Sales forecasting is the technique of where its company’s sales records from few past years. These forecasting models can be utilized to predict the short-term or long-term sales performance of the company in future. Forecasting is one of the very important parts of proper financial planning. Financial planning includes the sales, target, supplies, workforce and so on. A good forecasting of sales can help a company to achieve maximum performance and profit. There are many techniques to forecast sales which are mathematical and non-mathematical techniques. Non-mathematical techniques often are the favourite choice of companies because it is easy to understand and easy to construct.
Time series are known as recordings of processes which change over time. A recording that can be a continuous trace or a set of discrete observations (Ihaka, 2005). There are several types of time series model including AR, MA, ARMA, ARIMA and much more. ARIMA model stands for autoregressive integrated moving average and there are three parameters which are p, d, q. Arima models are well known and flexible class of forecasting model. This model uses past information to make a prediction. This type of ARIMA model is a basic step that can be used as a first principle for the more complex model. In this study, the sales of a restaurant will be forecasted by using ARIMA model.
1.3 Problem Statement
New businesses must make assumptions based on the market rates and good judgment. As a new restaurant, the owner faces few difficulties in managing the production of food, unexpected cash flows and controlling the inventories. The restaurant often faces overstock or out of stock situations. This inventory problem eventually affects the production of food where the supply doesn’t meet the demand. The owner unable to predict the demand of food needs to be prepared which in another word the owner unable to predict the sales.
Thus, through this study, a good ARIMA model can be built to forecast the sales which eventually will help the owner of the restaurant to overcome the problems. ARIMA models considered the technical approach which had been widely applied to forecast financial and nonfinancial time series. Reviewing the existing literature, it is observed that time series model is useful in present-day research for sales forecasting.
1.4 Objectives of Study
The aims of this study are:
a. To analyse the sales data of restaurant using ARIMA model.
b. To build a suitable sales forecasting model by using ARIMA model.
c. To forecast the sales from the ARIMA model
d. To evaluate the forecasting performance of ARIMA model
1.5 Scope of Study
The sales data will be collected from ‘Sarala Unavagam’ (restaurant based on Indian food) in Skudai, Johor. Hundred days sales data will be collected from the mid of December 2017 to the end of March 2018 and will be analysed using ARIMA to obtain sales forecast model.
1.6 Significance of Study
In this study, time series model such as ARIMA model will be used to forecast the sales.
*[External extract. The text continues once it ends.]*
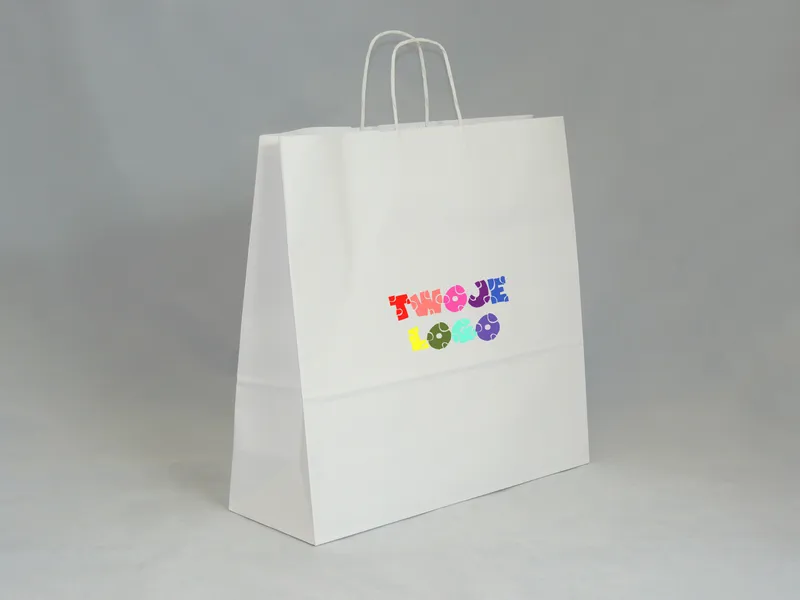 Torba papierowa biała 40 x 14 x 40 cm zdjęcie 4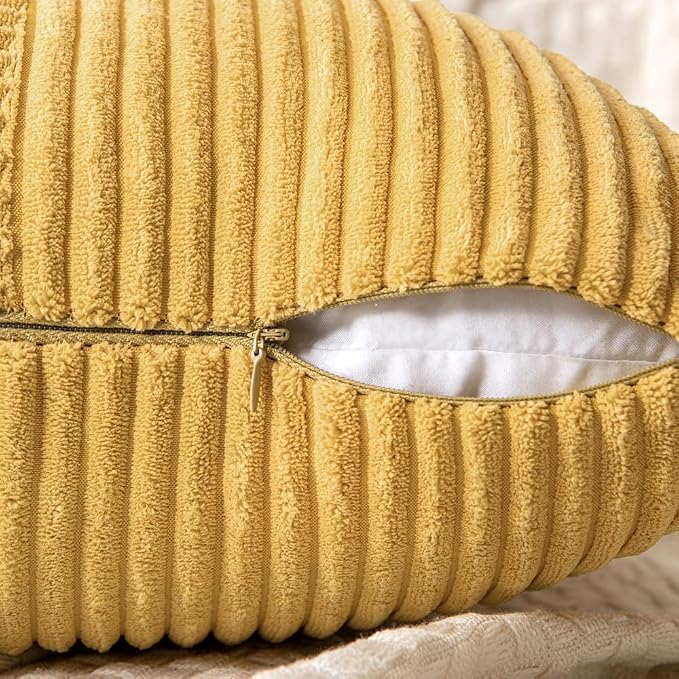 MIULEE Golden Mustard Decorative Throw Pillow Covers for Couch 18x18 Inch | 2 Pack, Boho Farmhouse Pillow Covers, Soft Cross Corduroy Patchwork Textured Cushion Cases For Bed Sofa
An appropriate forecast model is essential to predict future sales figures. Sales forecast is very important part of the financial planning of a business.
Sales data from the past is used to intelligently to predict the future performance. The sales forecast is a good estimate for the demand of food and it will help the owner of the restaurant to manage the inventories where the restaurant can avoid both overstock and out of stock situations. This will provide a better control over the supply chain. It helps the restaurant to prevent losses by making a proper decision based on relevant information. Sales forecasting may be a continuous method wherever it is accustomed improve the accuracy, the owner will improve all aspects of the business performance
Organisations which will produce top quality and correct forecasts are able to see what interventions are needed to fulfil their business performance targets. Besides, this study applies the technical approach to time series modelling instead of the fundamental approach to forecast sales because the fundamental approach is extraordinarily time-consuming. Technical method studies the historical sales activity to predict what will happen in the future. This method of predicting the future is successfully used in several applications include both financial and non-financial. Thus, in this study, ARIMA model will be used as a method of predicting the future values of sales.
Forecasting is the key element of financial and managerial decision making. The common financial time series such as sales forecasting are known to be complex, difficult for econometric modelling, non-stationary, volatile and unpredictable. Regardless this complexity, ARIMA model is expected to give a good sales forecasting model to overcome the problem by achieving the objectives.